* [RECORDS FOR THE EXERCISE]:
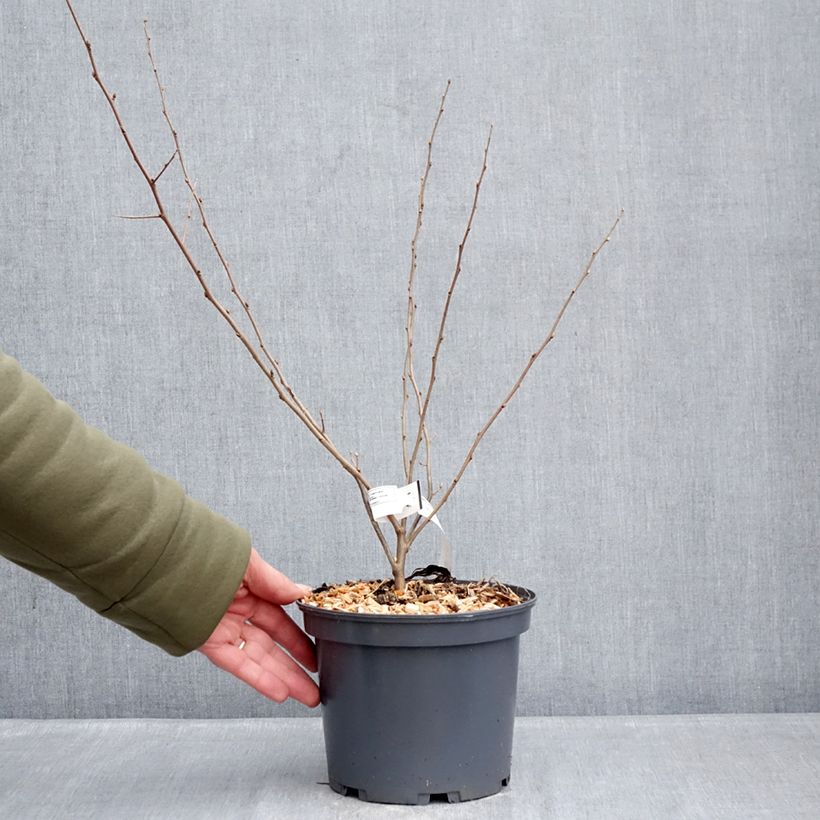 Example of Elaeagnus umbellata Fortunella - Eleagno ombrelliforme Vaso da 2L/3L as you get in hiver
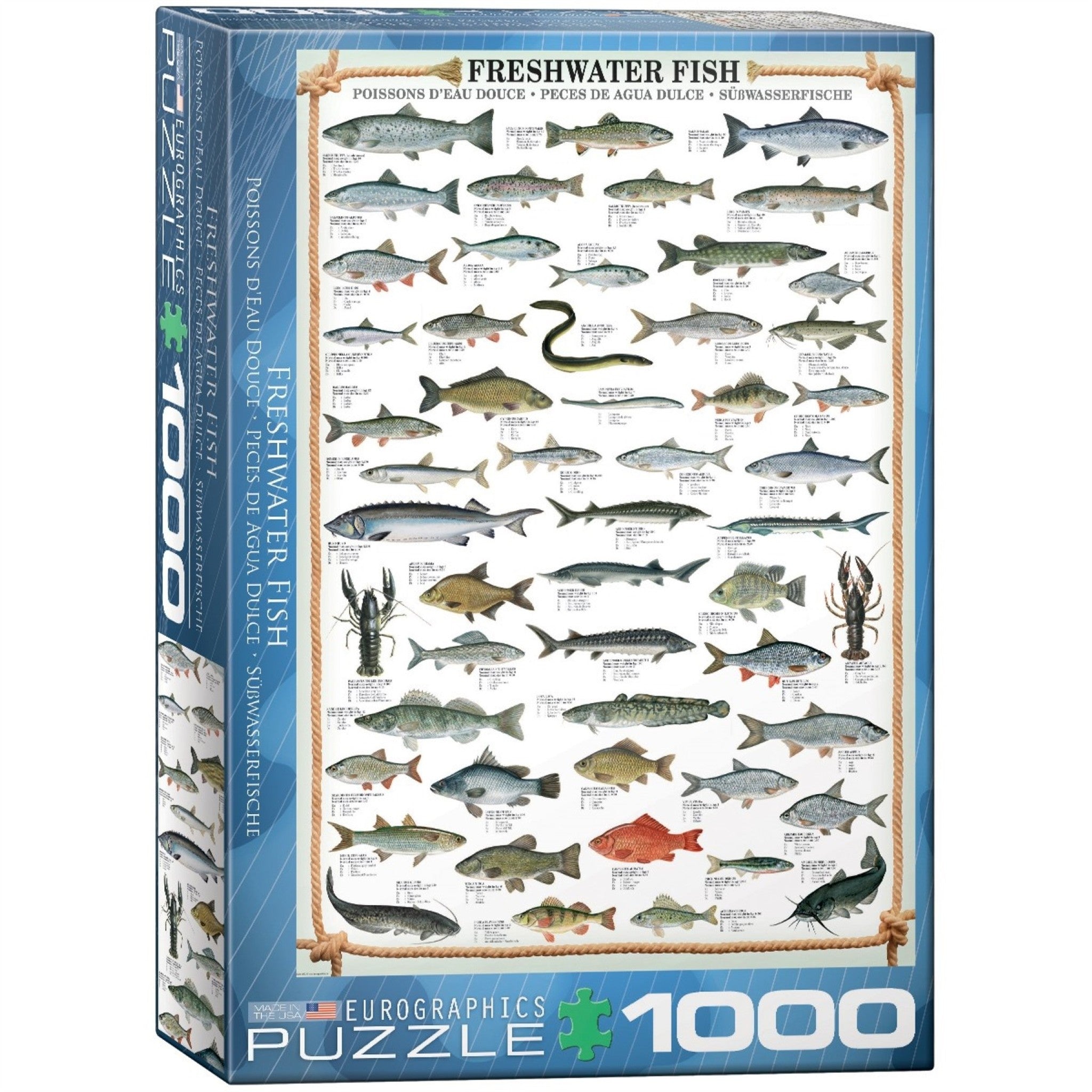 Puzzle de 1000 pièces sur le thème des poissons d'eau douce
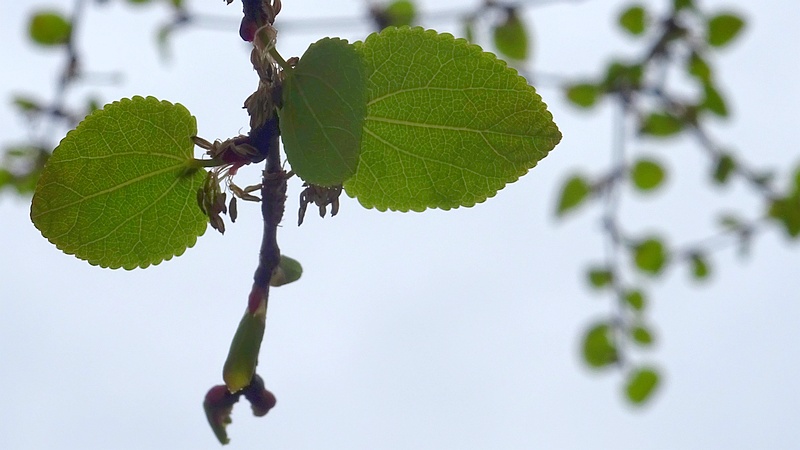 カツラの雄花 川崎市幸区創造のもり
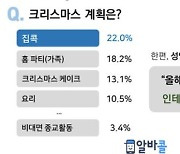 '크리스마스 나홀로 집에' 3명 중 2명..홈 트리는 꾸밀 것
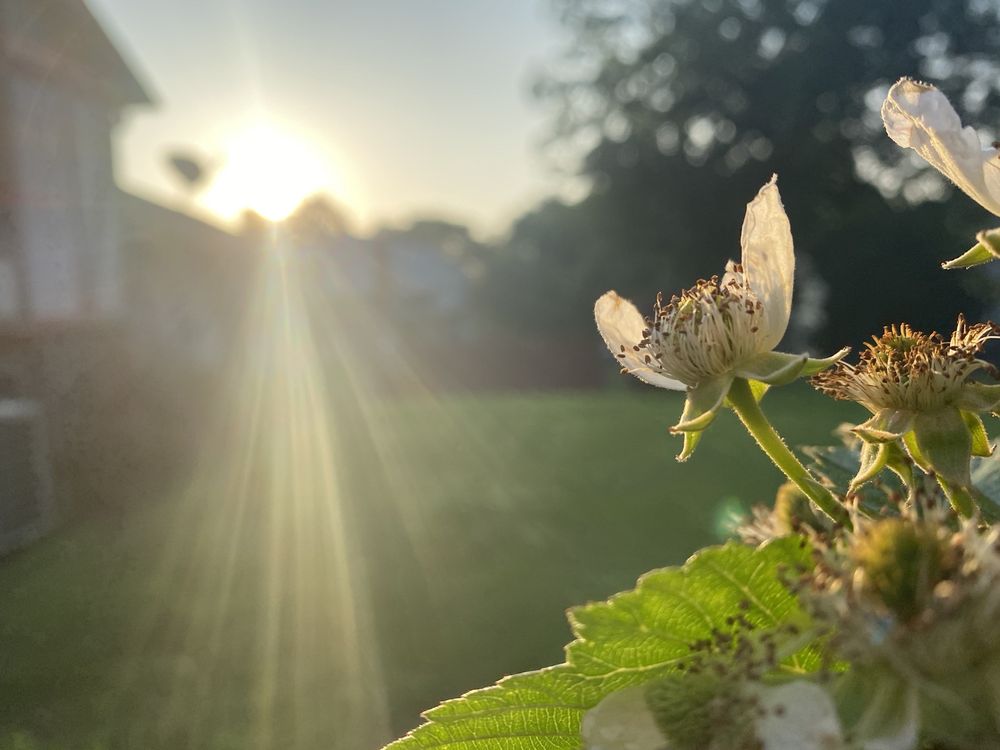 City Ranch - equestrian in Indianapolis, IN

* [EXERCISE DESCRIPTION]:
Restate all the material verbatim; omit every picture.

* [YOUR RESPONSE]:
 Example of Elaeagnus umbellata Fortunella - Eleagno ombrelliforme Vaso da 2L/3L as you get in hiver
 Puzzle de 1000 pièces sur le thème des poissons d'eau douce
 カツラの雄花 川崎市幸区創造のもり
 '크리스마스 나홀로 집에' 3명 중 2명..홈 트리는 꾸밀 것
 City Ranch - equestrian in Indianapolis, IN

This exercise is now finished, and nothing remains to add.